We can also visually examine the PCA. A “screeplot” gives a visual representation of eigenvalues. In our case we see that the first two or three PCs contain the bulk of the variance present in the data.
screeplot(StoneOak.PCA)
biplot(StoneOak.PCA, cex=0.5, xlabs=rep("·", nrow(StoneOaks)))
In these “biplots” the points correspond to the component scores of the individual observations, while the vectors correspond to the loading of each of the original variables on each component.

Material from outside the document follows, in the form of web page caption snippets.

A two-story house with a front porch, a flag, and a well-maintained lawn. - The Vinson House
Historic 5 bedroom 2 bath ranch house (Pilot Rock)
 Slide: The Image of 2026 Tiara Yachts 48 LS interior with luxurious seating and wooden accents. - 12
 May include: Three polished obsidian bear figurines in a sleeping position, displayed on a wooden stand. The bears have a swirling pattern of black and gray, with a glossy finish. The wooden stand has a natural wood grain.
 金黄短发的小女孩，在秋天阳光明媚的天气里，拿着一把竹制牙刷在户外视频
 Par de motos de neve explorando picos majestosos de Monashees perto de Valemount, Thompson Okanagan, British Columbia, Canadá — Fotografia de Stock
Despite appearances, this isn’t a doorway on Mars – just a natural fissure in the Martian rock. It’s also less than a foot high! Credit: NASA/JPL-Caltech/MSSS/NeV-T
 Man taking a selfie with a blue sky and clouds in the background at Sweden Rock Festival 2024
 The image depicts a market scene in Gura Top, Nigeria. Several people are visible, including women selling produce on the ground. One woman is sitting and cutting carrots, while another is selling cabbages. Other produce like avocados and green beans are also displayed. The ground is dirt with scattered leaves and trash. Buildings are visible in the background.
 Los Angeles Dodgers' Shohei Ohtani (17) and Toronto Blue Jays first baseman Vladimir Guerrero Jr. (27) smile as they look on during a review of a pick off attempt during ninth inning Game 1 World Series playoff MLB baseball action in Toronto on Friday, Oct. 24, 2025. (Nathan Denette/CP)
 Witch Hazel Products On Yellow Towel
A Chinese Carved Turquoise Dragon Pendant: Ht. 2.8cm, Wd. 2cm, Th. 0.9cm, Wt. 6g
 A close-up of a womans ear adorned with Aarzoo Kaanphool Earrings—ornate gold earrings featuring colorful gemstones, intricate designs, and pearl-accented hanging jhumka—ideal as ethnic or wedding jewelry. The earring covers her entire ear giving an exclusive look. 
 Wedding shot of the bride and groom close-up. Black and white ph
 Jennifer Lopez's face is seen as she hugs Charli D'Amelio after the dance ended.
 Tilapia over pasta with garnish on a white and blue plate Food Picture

We can also extract the scores and add them back to the original data.
StoneOaksPCScores<-as.data.frame(StoneOak.PCA$scores)
head(StoneOaksPCScores)
## Comp.1 Comp.2 Comp.3 Comp.4 Comp.5 Comp.6
## 1 2.842425 0.03667149 -0.3693292 0.07378349 -0.03827781 -1.293314331
## 2 2.011859 0.30272532 -0.4995037 0.34976411 0.05955874 -1.016143417
## 3 1.409203 1.33018459 -0.3633893 -0.15071107 -0.10815532 -0.517530326
## 4 3.615345 1.29749715 -1.4547347 0.27539535 0.10277510 -0.225302171
## 5 1.654915 -0.50988993 0.9514592 0.30350444 0.68581875 0.043195158
## 6 1.323148 0.81171348 1.1647015 0.70552097 1.37782601 -0.008722672
## Comp.7 Comp.8 Comp.9 Comp.10 Comp.11 Comp.12
## 1 0.31444537 0.03862543 0.3617406 0.67826900 -0.198461519 -0.17680220
## 2 0.55404140 0.39781634 0.2395934 0.01434514 -0.165045962 -0.10181179
## 3 -0.09336016 0.01902432 0.1625734 -0.23902905 -0.054723676 -0.08797517
## 4 -0.15543292 -0.53984109 -0.2960682 0.37367076 0.115257259 0.07215872
## 5 0.22067397 0.31393496 0.3368367 -0.06753862 0.003897437 0.06802637
## 6 0.01748807 0.09829213 0.9939816 0.47496665 -0.193538178 -0.02182579
## Comp.13
## 1 0.020505474
## 2 0.003904616
## 3 -0.491211822
## 4 0.036876438
## 5 -0.046002448
## 6 0.144771833
StoneOaksPC<-cbind(StoneOaks, StoneOaksPCScores)
Now we can see if the two fruit types are shaped differently.
require(lattice)
## Loading required package: lattice
xyplot(Comp.2~Comp.1, groups=FruitType, data=StoneOaksPC)
xyplot(Comp.3~Comp.2, groups=FruitType, data=StoneOaksPC)
xyplot(Comp.3~Comp.1, groups=FruitType, data=StoneOaksPC)
There are also some more flexible plotting tools for examining PCA models.
require(ggfortify)
## Loading required package: ggfortify
## Loading required package: ggplot2
autoplot(StoneOak.PCA, data=StoneOaks, colour="FruitType", loadings.label=TRUE, loadings.label.repel=TRUE, loadings.colour="black", loadings.label.colour="black", frame=TRUE, frame.type="t", frame.colour="FruitType")
autoplot(StoneOak.PCA, data=StoneOaks, x=2, y=3, colour="FruitType", loadings.label=TRUE, loadings.label.repel=TRUE, loadings.colour="black", loadings.label.colour="black", frame=TRUE, frame.type="t", frame.colour="FruitType")
Often it is useful to examine the PC loadings in light of the underlying variables. In this case, the positive loadings on all the variable on the first PC suggest that it is a measure of overall size of the fruit. The second PC represents differential size of the exocarp (e measures) relative to the receptacle (r measures) and Theta (the tip angle).